実はこの小説のタイトルである「神戸蛍の日常的すぎる毎日」というのは、僕がここで最初に書いた小説である「神薙四季の日常的すぎる毎日」とほぼ同じタイトルなのです。
というのも、最終的にはぐだぐだでふざけてしまった前作を、当初考えていたものを見直し修正し今作を作り上げました。
なので、前作と同じ思いで行きたいと思い、あえてこのタイトルにしました。
今回はふざけないでちゃんと続けるよ!
ホントだよ!(^^;
では、「神戸蛍の日常的すぎる毎日」略して「神日」第一話!
どうぞ! (*ゝω・*)ノ
序章 はじまりの物語
これは夢だ、ホタルはすぐにそう思った。
いわゆる明晰夢というやつだろう。
少なくとも自分の部屋に赤々と炎が燃える暖炉は無いし、飾りのないクリスマスツリーのようなやたらと大きい観葉植物も無いし、壁はレンガではなく普通の白い壁紙だ。

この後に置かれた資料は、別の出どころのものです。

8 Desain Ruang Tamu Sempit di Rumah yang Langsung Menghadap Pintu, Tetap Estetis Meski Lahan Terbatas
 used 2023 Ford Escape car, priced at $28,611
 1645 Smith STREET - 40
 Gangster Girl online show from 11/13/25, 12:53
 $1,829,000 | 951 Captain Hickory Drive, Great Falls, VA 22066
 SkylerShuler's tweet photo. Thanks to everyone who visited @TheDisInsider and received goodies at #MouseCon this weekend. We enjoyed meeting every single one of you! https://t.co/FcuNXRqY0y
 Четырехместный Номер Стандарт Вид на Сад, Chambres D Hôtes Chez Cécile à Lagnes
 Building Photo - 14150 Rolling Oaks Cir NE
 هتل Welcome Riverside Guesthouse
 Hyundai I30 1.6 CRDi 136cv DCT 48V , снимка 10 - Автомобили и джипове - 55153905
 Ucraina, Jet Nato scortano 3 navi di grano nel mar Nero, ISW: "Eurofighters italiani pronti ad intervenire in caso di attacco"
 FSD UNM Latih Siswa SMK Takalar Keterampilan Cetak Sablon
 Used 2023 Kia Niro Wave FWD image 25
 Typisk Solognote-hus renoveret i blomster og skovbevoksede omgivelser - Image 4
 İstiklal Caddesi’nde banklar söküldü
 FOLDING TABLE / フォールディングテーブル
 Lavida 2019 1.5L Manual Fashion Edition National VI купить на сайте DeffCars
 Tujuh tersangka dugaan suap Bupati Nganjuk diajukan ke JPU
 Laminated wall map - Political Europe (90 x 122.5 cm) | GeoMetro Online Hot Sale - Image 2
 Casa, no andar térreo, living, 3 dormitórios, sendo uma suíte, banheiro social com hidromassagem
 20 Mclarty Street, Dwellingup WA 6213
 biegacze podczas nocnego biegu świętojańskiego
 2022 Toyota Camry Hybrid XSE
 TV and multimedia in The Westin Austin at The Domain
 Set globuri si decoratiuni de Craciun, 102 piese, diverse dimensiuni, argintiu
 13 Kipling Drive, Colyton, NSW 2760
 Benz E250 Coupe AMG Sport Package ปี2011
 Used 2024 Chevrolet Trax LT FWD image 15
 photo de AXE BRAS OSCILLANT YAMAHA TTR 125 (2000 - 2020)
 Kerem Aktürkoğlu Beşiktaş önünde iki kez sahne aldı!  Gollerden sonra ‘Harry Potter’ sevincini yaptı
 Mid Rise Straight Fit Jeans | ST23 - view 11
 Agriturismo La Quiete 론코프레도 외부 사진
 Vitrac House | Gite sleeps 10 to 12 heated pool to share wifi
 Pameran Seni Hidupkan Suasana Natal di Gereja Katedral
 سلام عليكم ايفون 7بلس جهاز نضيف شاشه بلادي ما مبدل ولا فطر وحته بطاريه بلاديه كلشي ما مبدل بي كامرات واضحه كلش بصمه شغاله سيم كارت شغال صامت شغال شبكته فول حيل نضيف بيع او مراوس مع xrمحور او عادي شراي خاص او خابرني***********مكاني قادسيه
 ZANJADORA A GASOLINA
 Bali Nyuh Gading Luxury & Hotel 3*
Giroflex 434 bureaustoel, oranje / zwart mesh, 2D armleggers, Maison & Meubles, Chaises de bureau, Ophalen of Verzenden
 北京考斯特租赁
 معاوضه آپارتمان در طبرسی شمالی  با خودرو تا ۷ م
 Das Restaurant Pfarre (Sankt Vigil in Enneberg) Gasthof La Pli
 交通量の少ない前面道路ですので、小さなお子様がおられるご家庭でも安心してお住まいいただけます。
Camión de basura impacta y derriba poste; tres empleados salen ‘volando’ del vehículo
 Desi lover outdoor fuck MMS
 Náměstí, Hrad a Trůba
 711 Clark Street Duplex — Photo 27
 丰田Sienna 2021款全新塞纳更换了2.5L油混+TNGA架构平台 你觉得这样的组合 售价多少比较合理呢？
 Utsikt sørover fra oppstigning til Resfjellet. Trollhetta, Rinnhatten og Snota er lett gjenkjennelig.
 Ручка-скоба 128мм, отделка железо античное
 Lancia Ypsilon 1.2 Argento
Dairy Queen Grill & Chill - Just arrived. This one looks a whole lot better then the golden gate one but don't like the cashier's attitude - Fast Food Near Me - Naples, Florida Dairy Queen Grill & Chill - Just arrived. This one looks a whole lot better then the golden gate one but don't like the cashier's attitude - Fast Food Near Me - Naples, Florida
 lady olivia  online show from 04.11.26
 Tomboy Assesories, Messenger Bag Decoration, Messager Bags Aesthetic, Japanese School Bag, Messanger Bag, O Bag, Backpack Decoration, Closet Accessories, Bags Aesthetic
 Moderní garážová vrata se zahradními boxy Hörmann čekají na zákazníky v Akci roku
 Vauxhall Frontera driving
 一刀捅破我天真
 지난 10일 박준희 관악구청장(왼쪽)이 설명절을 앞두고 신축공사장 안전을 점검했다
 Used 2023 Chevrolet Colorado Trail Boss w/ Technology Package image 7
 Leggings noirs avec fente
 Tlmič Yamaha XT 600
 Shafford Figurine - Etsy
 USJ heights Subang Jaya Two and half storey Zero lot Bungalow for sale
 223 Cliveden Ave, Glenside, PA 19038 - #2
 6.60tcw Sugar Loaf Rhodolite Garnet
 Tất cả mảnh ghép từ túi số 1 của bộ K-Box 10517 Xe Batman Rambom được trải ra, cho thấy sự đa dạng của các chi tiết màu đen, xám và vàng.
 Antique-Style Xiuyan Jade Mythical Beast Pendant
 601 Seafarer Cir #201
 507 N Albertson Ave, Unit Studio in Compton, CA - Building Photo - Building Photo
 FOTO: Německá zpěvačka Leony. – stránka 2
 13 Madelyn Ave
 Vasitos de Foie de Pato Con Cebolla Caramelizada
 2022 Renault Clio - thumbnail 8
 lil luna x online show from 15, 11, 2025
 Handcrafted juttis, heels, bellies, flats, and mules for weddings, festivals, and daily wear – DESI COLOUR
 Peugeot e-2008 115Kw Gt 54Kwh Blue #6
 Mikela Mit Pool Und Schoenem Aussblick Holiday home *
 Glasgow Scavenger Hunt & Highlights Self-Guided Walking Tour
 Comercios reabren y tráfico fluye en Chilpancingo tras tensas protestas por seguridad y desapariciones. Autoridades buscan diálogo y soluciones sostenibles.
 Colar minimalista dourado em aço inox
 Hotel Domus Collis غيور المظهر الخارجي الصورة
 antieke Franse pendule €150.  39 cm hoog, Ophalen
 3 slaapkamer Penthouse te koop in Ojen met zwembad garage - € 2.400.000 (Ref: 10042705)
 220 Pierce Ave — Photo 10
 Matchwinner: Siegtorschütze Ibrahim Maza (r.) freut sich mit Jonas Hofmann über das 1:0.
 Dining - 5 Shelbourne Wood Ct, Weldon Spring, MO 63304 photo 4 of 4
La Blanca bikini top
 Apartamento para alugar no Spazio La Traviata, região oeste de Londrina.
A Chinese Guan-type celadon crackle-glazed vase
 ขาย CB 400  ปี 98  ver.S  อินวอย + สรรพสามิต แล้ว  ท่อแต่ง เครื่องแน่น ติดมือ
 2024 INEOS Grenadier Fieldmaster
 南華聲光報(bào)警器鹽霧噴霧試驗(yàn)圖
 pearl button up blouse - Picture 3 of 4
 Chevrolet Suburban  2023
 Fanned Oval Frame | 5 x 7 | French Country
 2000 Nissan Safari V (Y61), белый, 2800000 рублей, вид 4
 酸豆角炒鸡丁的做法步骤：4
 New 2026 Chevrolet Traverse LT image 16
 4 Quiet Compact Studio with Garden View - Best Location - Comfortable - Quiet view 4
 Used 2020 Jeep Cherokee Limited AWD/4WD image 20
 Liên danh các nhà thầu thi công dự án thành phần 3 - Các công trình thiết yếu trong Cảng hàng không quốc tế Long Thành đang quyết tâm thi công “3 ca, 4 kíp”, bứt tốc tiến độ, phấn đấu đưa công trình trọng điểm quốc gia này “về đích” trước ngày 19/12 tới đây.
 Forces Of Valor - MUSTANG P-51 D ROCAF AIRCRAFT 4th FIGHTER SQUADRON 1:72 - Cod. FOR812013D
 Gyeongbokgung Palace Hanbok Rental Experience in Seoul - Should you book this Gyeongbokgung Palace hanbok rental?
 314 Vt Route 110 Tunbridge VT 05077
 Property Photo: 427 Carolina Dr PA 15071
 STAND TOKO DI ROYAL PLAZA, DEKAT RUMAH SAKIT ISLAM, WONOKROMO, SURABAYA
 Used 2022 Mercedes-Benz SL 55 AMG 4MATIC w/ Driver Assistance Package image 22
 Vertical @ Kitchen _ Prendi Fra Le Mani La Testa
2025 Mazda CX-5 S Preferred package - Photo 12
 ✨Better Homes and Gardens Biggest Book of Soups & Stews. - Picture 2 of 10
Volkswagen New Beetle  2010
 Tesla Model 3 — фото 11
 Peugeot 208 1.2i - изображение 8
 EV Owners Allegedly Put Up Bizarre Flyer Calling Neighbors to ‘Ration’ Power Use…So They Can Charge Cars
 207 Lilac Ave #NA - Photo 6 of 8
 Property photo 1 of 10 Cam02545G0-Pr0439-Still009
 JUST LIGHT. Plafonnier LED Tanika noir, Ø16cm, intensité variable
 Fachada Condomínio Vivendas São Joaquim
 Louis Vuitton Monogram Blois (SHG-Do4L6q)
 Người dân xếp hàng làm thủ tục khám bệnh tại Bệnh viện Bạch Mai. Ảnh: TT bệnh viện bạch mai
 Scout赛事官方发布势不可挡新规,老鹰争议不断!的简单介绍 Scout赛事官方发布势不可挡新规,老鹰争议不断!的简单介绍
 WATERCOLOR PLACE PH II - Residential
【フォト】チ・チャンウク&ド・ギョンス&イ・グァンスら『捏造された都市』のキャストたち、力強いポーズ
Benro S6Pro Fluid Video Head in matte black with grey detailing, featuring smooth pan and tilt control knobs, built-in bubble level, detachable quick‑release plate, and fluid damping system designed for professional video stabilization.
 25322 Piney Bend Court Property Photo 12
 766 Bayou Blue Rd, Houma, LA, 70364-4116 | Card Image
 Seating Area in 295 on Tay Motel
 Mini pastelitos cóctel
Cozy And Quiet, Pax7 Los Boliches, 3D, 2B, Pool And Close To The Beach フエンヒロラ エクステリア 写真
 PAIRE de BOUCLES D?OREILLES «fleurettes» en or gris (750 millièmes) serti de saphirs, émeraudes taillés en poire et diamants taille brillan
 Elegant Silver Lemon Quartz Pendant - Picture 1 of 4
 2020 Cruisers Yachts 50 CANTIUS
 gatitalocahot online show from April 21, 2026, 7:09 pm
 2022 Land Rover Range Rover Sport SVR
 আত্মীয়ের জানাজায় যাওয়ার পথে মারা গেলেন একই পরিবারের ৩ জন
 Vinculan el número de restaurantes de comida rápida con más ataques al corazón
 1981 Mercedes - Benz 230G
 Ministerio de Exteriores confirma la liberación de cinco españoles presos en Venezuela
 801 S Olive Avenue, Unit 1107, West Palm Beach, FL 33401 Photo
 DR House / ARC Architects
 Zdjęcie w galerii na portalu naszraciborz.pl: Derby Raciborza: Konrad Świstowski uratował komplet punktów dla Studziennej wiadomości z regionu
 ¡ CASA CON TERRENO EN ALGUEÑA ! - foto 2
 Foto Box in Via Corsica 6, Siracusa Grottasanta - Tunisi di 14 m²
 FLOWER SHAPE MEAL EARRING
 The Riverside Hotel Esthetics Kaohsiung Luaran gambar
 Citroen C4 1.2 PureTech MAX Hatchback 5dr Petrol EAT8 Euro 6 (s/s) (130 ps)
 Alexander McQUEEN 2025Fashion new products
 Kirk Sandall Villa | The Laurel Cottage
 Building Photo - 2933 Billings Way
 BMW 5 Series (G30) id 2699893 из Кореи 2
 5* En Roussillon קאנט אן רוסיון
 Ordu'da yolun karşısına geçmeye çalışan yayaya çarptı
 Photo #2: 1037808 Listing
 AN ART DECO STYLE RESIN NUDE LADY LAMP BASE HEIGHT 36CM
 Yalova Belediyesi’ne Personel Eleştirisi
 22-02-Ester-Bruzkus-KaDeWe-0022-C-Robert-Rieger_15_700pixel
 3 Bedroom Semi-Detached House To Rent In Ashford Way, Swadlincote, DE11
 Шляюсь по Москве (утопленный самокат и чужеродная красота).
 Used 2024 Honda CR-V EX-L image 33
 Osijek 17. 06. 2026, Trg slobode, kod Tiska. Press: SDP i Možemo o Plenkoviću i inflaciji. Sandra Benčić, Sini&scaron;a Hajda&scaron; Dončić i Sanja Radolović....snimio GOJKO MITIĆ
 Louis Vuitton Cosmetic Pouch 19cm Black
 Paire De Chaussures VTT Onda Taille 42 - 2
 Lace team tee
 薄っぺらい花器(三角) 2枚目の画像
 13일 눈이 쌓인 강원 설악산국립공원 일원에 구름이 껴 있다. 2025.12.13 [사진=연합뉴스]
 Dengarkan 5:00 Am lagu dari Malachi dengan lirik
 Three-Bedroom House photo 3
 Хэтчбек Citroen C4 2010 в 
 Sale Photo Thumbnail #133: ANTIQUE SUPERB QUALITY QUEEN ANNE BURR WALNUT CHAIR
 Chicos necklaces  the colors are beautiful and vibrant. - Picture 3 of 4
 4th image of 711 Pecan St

自身が寝っ転がっていた干し草のような香りが僅かにするベッドにも見覚えがない。
窓を見ると外はしんしんと雪が降り積もり銀世界を描いていたが、季節はもう春のはずだ。
そして、何より。
「あっ、やっと起きましたかっ!夢の中でお寝坊さんっていうのもなかなか変ですけどねっ!」
こんな可愛い女の子は家にいない。
8歳ぐらいだろうか。
雪のように真っ白な白髪に血のような赤目の少女がホタルを見て微笑んでいた。
白いワンピースと小柄な体躯も相まって、まるでシロウサギのようだ。
まだ理解が追い付かないホタルの頭にハイテンションな少女の声が響く。
正直、うるさい。
「無視ですかっ!?無視されたら
泣いちゃうというよりすでに目の端に涙が滲んでいる。
それでもハイテンションに見えるのは気のせいか。
ともあれその様子を見て、ホタルも慌てる。
「ご、ごめんね……、えっと、白兎ちゃん……でいいのかな?」
おずおずとホタルは話しかける。
小さい子供とはいえ女の子。
普段ほとんど女の子と話さないホタルは緊張してしまう。
だが、そんな不器用なホタルの様子を見て少女は微笑んだ。
「はいっ、白兎の名前は白兎ですっ!白にウサギと書いて白兎ですっ!」
さっきまで泣きそうになっていたのが嘘だったようににっこり笑う少女――――――否、白兎。
その様子も見ているとなぜかホタルも笑顔になる。
というか、ホントにシロウサギだったのか。
「ここはどこ?……というかこれって夢の中なんだよね?」
夢にしては暖炉の炎が熱いし、ベッドの感触もよくわかる。
手を小さく抓ってみたが普通に痛かった。
「えっと、お兄さんの夢であって夢じゃないといいますか……まあ夢みたいなものですっ!」
全く伝わらない説明と可愛らしい笑顔に思わず苦笑してしまう。
「あっ!」
と、真剣な表情になった彼女がパンッと手を合わせた。
「白兎はお兄さんにお願いしなきゃいけなかったんですよっ!」
「お願い?」
「はいっ!えっと……。」
不意にワンピースをめくり何かを取り出そうとする彼女。
その時、小さなおへそと何かのキャラクターが描かれた白い布を見てしまい慌てて目をそらす。
小さな子供相手だというのに思わず顔が赤くなる。
「あっ、これですっ!」
ワンピースの裾から何かを取り出す。
それは、白兎の顔とそう変わらないくらいの小さなの1冊の本だった。
それをホタルに渡す。
「これは……?」
受け取った本をよく見る。
それは、本というより絵本といった方がいいような薄い本だった。
タイトルは英語で書かれており読めないが、この絵は見覚えがある。
「もしかして『かぐや姫』?」
と、その時視界の端にノイズが走った。
驚いて顔を上げると、暖炉も観葉植物もノイズが走り消えかかっているように見えた。
「時間みたいですっ!」
そうホタルに声をかけた白兎もノイズが走って薄くなっている。
「お兄さんがその本を開くのを待ってますっ!それまでちょっとだけお別れですねっ!」
「え……ち、ちょっと待って白兎ちゃん!何のことか全然わからないよ!」
慌てるホタルに白兎はにっこりと笑った。
「お兄さんっ!また物語の中で会いましょう!」
そしてホタル―――――
今回は序章なので短めです。
ちなみに蛍くんですが、字の文では「ホタル」とカタカナで書くつもりです。
まあ、気分的なものです(笑)
橘田の小説を読んだことがある人はご存知かもしれませんが、僕の小説はタイトルと中身が特に関連性がなかったりします(笑)
そんなどうでもいいことで締めとさせていただきます。